> _Exercise instructions_
Going through the data below, copy out each line where the word "with" shows up.

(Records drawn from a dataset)
---+---

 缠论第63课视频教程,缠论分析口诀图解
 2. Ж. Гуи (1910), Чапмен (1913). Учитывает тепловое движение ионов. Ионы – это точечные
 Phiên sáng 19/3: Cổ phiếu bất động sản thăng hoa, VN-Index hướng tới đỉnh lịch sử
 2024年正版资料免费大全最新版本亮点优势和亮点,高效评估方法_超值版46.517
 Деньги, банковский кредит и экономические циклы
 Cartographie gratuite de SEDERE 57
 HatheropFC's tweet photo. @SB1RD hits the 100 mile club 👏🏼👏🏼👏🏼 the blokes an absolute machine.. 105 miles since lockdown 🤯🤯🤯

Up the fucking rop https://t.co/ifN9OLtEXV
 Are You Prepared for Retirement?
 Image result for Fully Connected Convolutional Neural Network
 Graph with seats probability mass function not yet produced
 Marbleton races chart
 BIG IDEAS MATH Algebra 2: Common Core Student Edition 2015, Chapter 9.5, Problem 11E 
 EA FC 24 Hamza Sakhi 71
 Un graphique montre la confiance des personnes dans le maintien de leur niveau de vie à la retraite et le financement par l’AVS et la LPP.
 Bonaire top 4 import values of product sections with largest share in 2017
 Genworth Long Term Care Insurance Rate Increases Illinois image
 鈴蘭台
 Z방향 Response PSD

---+---

> _Solution to the exercise_
 Graph with seats probability mass function not yet produced
 Bonaire top 4 import values of product sections with largest share in 2017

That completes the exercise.